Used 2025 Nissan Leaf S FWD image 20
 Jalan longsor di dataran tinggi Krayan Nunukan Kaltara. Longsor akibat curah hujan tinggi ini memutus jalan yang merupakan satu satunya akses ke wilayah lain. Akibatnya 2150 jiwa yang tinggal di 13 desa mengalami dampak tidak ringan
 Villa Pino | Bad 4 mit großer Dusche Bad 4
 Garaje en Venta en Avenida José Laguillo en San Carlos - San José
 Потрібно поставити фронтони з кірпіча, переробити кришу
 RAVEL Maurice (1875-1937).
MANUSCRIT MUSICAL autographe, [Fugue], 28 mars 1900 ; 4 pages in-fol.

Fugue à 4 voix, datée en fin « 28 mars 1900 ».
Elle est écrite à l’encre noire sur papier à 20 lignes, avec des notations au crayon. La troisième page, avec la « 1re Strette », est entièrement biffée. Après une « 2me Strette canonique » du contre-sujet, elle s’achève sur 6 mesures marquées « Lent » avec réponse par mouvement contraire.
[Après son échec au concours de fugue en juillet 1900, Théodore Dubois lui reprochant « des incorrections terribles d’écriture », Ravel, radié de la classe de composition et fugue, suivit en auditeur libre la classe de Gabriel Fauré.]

WHAT TO DO >> Extract all of the data exactly as written.

TASK RESPONSE >>
Used 2025 Nissan Leaf S FWD image 20
 Jalan longsor di dataran tinggi Krayan Nunukan Kaltara. Longsor akibat curah hujan tinggi ini memutus jalan yang merupakan satu satunya akses ke wilayah lain. Akibatnya 2150 jiwa yang tinggal di 13 desa mengalami dampak tidak ringan
 Villa Pino | Bad 4 mit großer Dusche Bad 4
 Garaje en Venta en Avenida José Laguillo en San Carlos - San José
 Потрібно поставити фронтони з кірпіча, переробити кришу
 RAVEL Maurice (1875-1937).
MANUSCRIT MUSICAL autographe, [Fugue], 28 mars 1900 ; 4 pages in-fol.

Fugue à 4 voix, datée en fin « 28 mars 1900 ».
Elle est écrite à l’encre noire sur papier à 20 lignes, avec des notations au crayon. La troisième page, avec la « 1re Strette », est entièrement biffée. Après une « 2me Strette canonique » du contre-sujet, elle s’achève sur 6 mesures marquées « Lent » avec réponse par mouvement contraire.
[Après son échec au concours de fugue en juillet 1900, Théodore Dubois lui reprochant « des incorrections terribles d’écriture », Ravel, radié de la classe de composition et fugue, suivit en auditeur libre la classe de Gabriel Fauré.]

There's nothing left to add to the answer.